Cummings first attempts to show that Mercedes had granted Auto Engineering express authority as its agent. Express authority can be created by “written or spoken words or other conduct of the principal which, reasonably interpreted, causes the agent to believe that the principal desires him so to act on the principal’s account.” Restatement (Second) Agency §26 (1958). As a matter of law, an express agency did not exist here. The Mercedes-Benz Passenger Car Dealer Agreement, the standard contract used between Mercedes and its authorized dealers which governed the relationship of Mercedes and Auto Engineering, expressly states that “(d)ealer is not the agent of . . . Mercedes-Benz of North America for any purpose whatsoever.” Plaintiff submits no evidence to rebut this express denial of an agency relationship.

Cummings contends however that, at the time the lease was negotiated, he had reason to believe that Auto Engineering was the agent of Mercedes, and therefore that Auto Engineering had apparent authority as an agent to bind Mercedes in contract. The Supreme Judicial Court has stated that “apparent authority”
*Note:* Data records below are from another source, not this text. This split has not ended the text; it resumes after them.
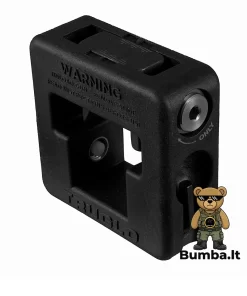 Vertikaliai pastatytas Truglo Sight-Setter Tool įrankis, demonstruojantis Glock spynos įstatymo angą ir šoninį reguliavimo sraigtą – bumba.lt Kaune ir internetu
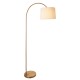 Endon-110645 - Carlson - Warm Brass Floor Lamp with Natural Linen Shade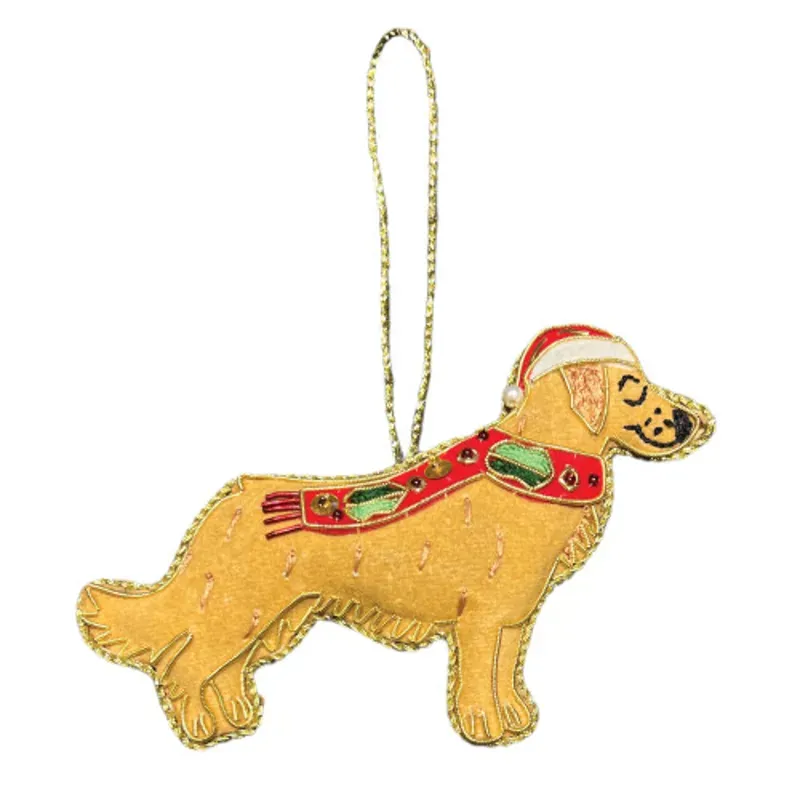 Equetech Golden Retriever Beaded Embroidered Christmas Tree Decoration in Beige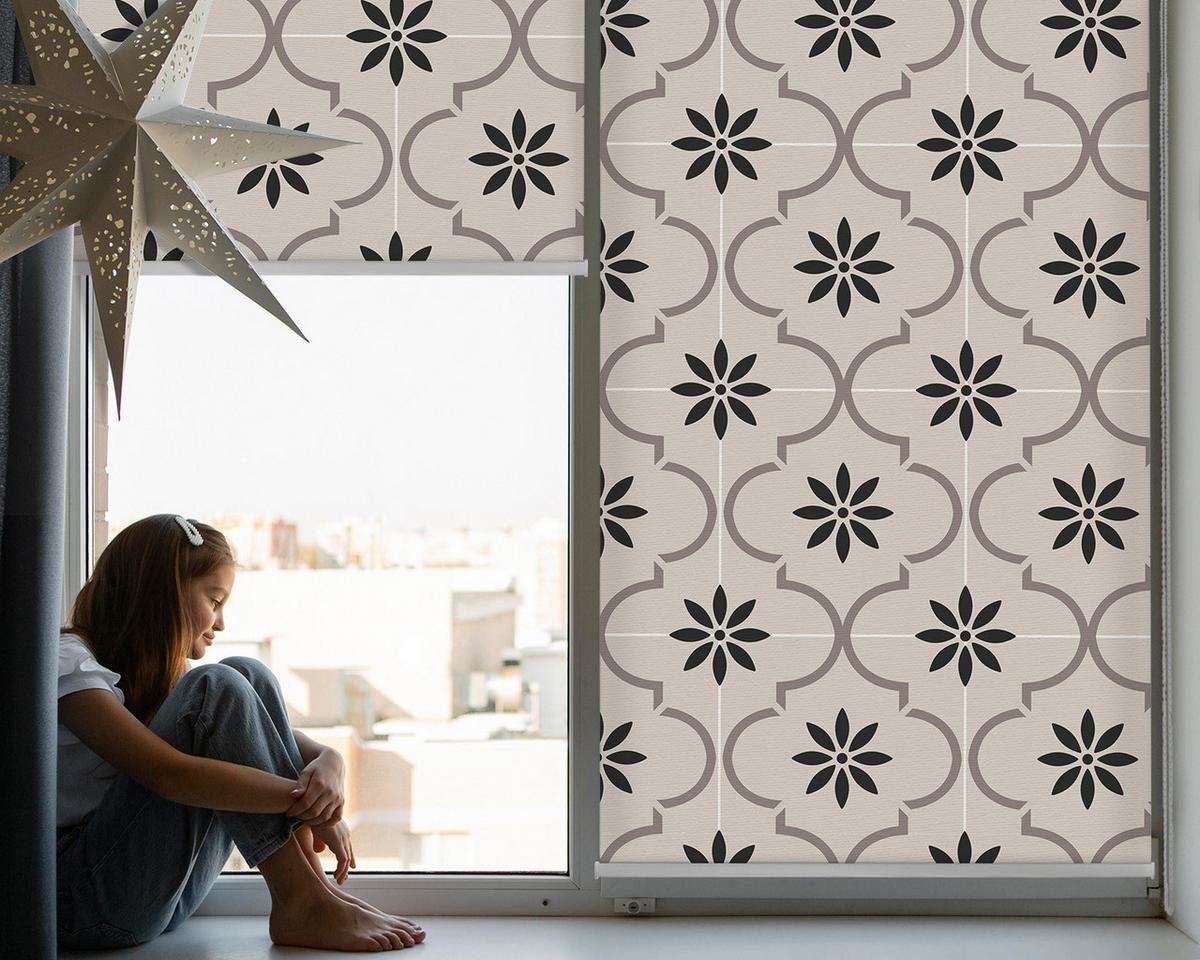 INNENROLLO - Fensterrollo - Rollo - 120x140 cm - Marokkanische blumenförmige Fliese - Grau, Kunststoff (120/140/0.5cm) - TULUP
results from conduct by the principal which causes a third person reasonably to believe that a particular person . . . has authority to enter into negotiations or to make representations as his agent (citations omitted) ... If a third person goes on to change his position in reliance on this reasonable belief, the principal is estopped from denying the agency is authorized. Hudson v. Massachusetts Property Ins. Underwriting Association, 386 Mass. 450 (1982), quoting W. A. Seavey, Agency §8D, at 13 and §8E, at 14 (1964).

The existence of apparent authority is a question of fact. Kansallis Finance, Ltd. v. Fern, 40 F.3d 476, 480 (1st Cir. 1994).

To support his claim of apparent authority, Cummings provides four primary sets of facts: the appearance of the Mercedes name and trademark at the top of the lease agreement; the control exercised by Mercedes over Auto Engineering’s sales practices under the Dealer Agreement; the fact that Auto Engineering was an exclusive retailer of Mercedes automobiles; and Mercedes’ retention of exclusive control over the warranty offered with the automobile.

The corporate name printed at the top of the Lease Agreement is not that of Mercedes-Benz of North America, but that of the Mercedes-Benz Credit Corporation (“the Credit Corporation”).